The practice of making New Year’s Resolutions dates back to the ancient Romans, who not only established January 1 as the first day of the year but also invented the South Beach Diet (just kidding). Despite the timeless allure of starting over, it can be hard to stick to those year-end promises. The Library has many free resources that just might help you carry your best intentions well into 2011.

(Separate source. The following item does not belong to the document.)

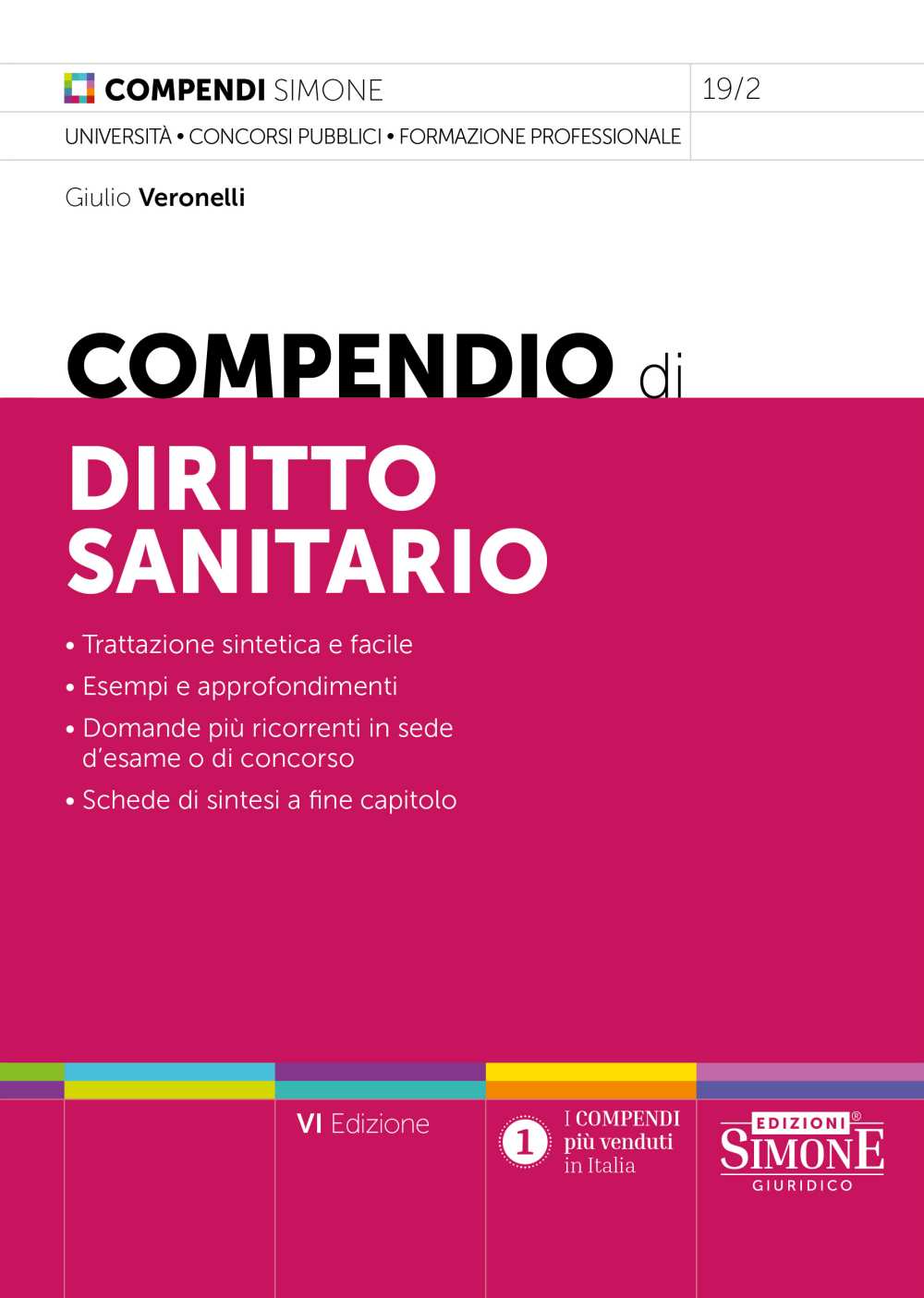 Compendio di Diritto Sanitario - Veronelli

We’ve arranged this post by topic, focusing on some of the most popular areas of self-improvement. But that doesn’t mean you can’t research other goals like, for instance, quitting smoking, giving to charity, learning a language, improving your grades, or getting to know local history. Basically, If you can dream it, we can hook you up with a book, magazine, database, video, audio book, or maybe even a free class. Just apply the research techniques outlined below to your subject of choice.
Now, onto the Resolutions!
Devour a healthy cookbook.
The Library’s larder is full of books containing healthy recipes and tips for better nutrition. To get started, navigate to our catalog and, if you’re in the mood to browse, start with a broad search by searching for generic phrases like healthy cooking or healthy recipes.
Then, narrow the results by using the Refine categories on the right-hand side of the screen. Refining by Subject, for example (see below), can help you narrow your results to cookbooks only. Or, if you want to zero in on recently published books, refine by Year. (You can also do this via an Advanced Search; type in Subject: cookbooks and Year: 2010.)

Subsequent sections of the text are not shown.